## Problem statement
Return each line exactly, from the one that has "Seacoast Sanctuary - 9" through the end of the entries, both ends included. Pictures do not belong.

## Data for the task
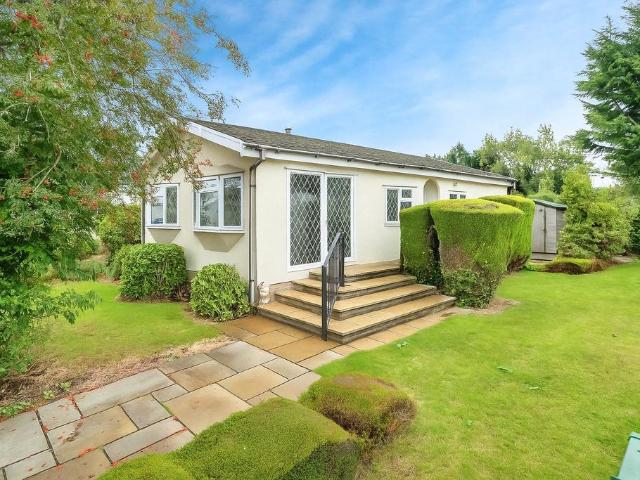 2 bedroom detached house for sale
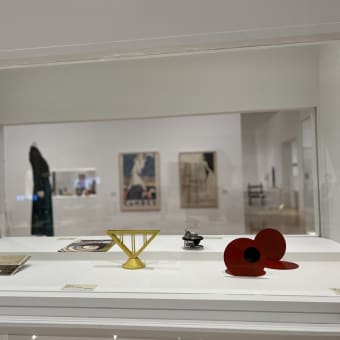 機能と装飾のポリフォニー｜豊田市美術館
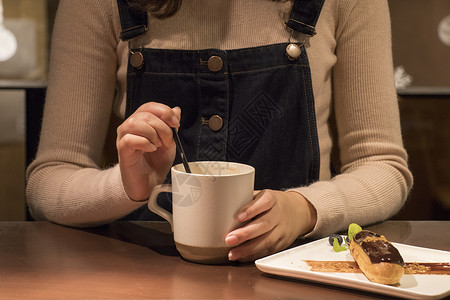 咖啡陶瓷杯报纸喝咖啡的女孩背景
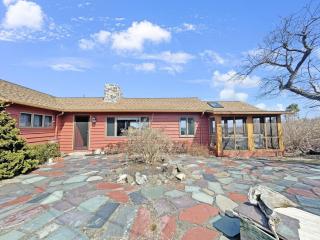 Seacoast Sanctuary - 9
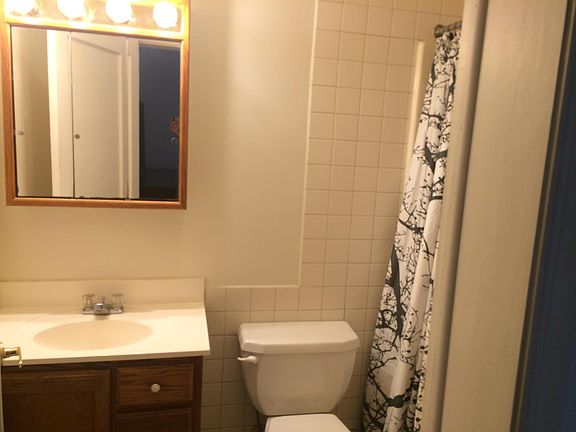 3rd image of 734 Edmondson Ave #1A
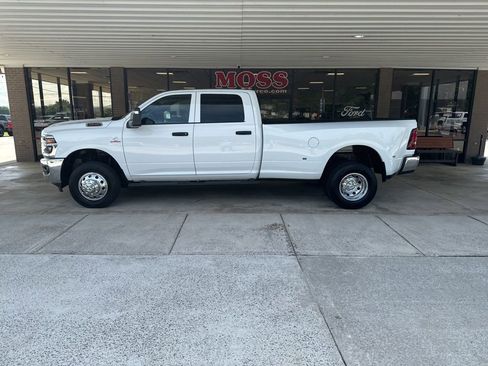 Used 2026 RAM 3500 Tradesman AWD/4WD image 7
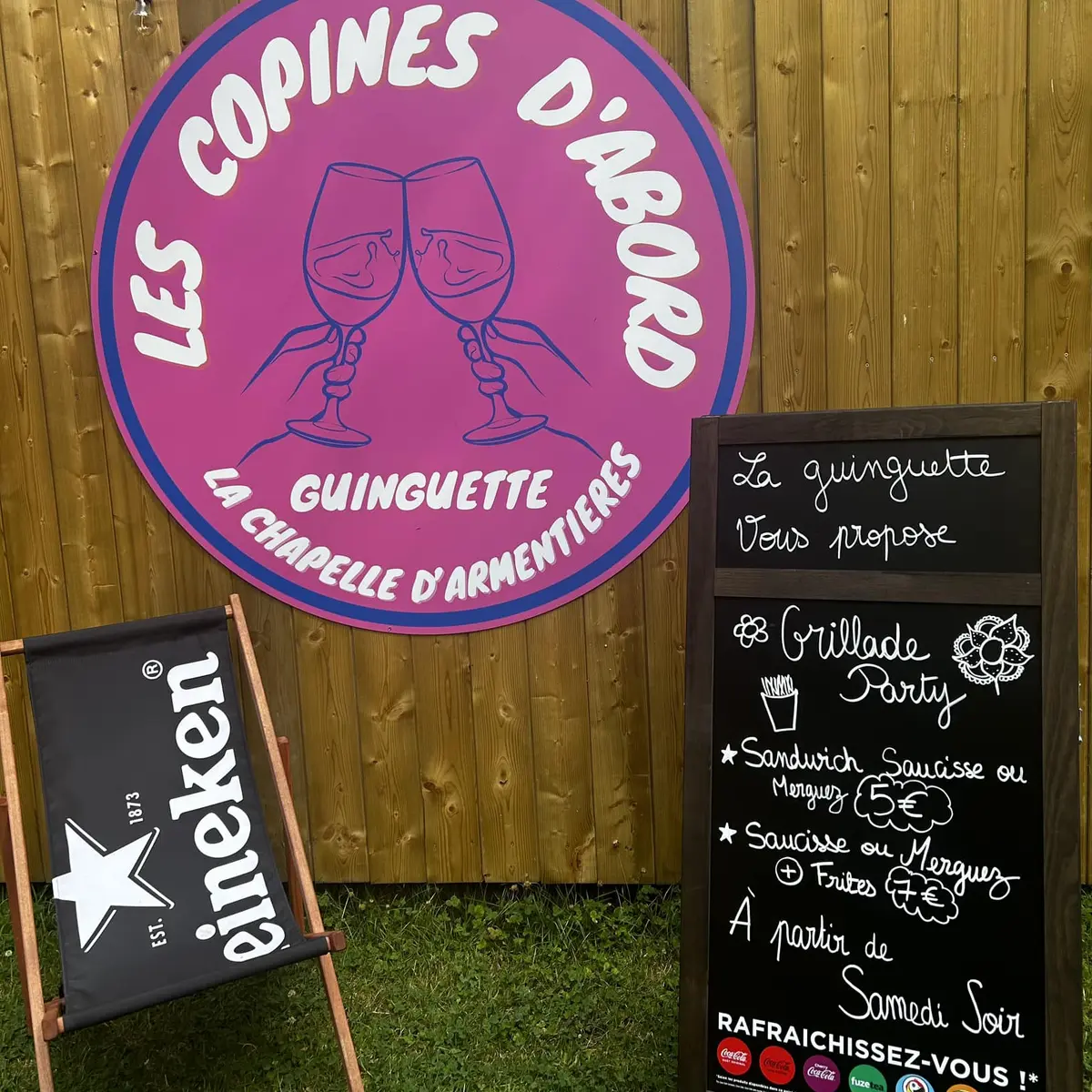 les copines d_abord logo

## The answer
 Seacoast Sanctuary - 9
 3rd image of 734 Edmondson Ave #1A
 Used 2026 RAM 3500 Tradesman AWD/4WD image 7
 les copines d_abord logo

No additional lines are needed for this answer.